I went to [an] emergency room one time and the lady came back after checking my record and barely talking to me; she said ‘well there is nothing we can do, we can’t help you here’ and she didn’t even get to talk to me; she was going by my records.
– An individual with a history of substance use disorder discusses an experience of stigma in a healthcare setting. From a study by Brondani, Alan, and Donnelly 2017.
Figure. A conceptual model of stigma that locates discrimination, stereotyping, exclusion, and labeling within the context of power. Adapted from Brondani, Alan, and Donnelly 2017. Click the image to enlarge.
According to a nationally representative survey, 80% of people who have experienced alcohol use disorder and 75% of people who have experienced a drug use disorder have never sought treatment for their addiction. One of the reasons for these low rates of treatment seeking is stigma. It is no secret that addiction is a highly stigmatized disease. Historically, many have viewed addiction as a moral failing – a crime rather than a disease – and those who have experienced addiction have been branded with this stigma.

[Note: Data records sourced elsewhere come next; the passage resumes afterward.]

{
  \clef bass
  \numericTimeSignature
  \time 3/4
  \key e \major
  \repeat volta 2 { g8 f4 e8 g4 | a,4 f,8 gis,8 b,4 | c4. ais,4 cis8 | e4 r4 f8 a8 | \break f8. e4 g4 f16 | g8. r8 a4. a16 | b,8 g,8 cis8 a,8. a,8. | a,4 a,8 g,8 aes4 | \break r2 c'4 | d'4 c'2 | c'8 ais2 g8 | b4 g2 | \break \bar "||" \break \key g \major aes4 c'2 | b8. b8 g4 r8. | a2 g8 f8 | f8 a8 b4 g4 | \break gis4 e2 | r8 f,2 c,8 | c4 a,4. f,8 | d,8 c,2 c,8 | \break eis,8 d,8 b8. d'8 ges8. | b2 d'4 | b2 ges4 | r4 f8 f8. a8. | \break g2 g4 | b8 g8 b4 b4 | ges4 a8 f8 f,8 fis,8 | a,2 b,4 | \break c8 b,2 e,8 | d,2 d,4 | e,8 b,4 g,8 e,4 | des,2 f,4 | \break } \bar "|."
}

The effects of stigma go beyond hurt feelings. Stigma towards addiction has real, harmful consequences. Most of us understand stigma as what happens when a characteristic causes a person to be viewed as socially undesirable and leads to stereotyping, rejection, and discrimination. What we often fail to acknowledge, however, is that stigma is more than an interpersonal process – it is a systemic one. Stigma is deeply embedded with social, economic, and political power (see figure). Stigma can impact not only the willingness of a person experiencing addiction to seek treatment, but it can impact the funding and availability of public health initiatives meant to prevent and reduce addiction-related harm.
As we kick off this month’s Special Series on Stigma and Addiction, we will explore how aspects of stigma impact the experience of addiction. ASHES will discuss how patients’ perceptions of smoking-related stigma relate to their interactions with healthcare providers. STASH will review a study that examined associations between self-stigma, demographic characteristics, and injection risk behaviors among people who inject drugs in New York City. The WAGER will describe how people who are labeled as having Gambling Disorder face more stigma than those who are not. Finally, the DRAM will review a study examining how attitudes and beliefs towards seeking treatment for Alcohol Use Disorder changed over the course of a decade.
We will supplement these reviews with two op-eds. The first is from a contributor who is dedicated to reducing addiction stigma. Michael Botticelli is the current Executive Director of the Grayken Center for Addiction at Boston Medical Center. He shares with us his insights from his time as the Director of National Drug Control Policy for the Obama administration and as a person in long-term recovery. The second is from Sydney Durand, the Massachusetts Director of Programs for The Phoenix. The Phoenix is a non-profit that provides a free sober active community for people in recovery. This spring, they partnered with the Red Sox to confront the stigma of addiction.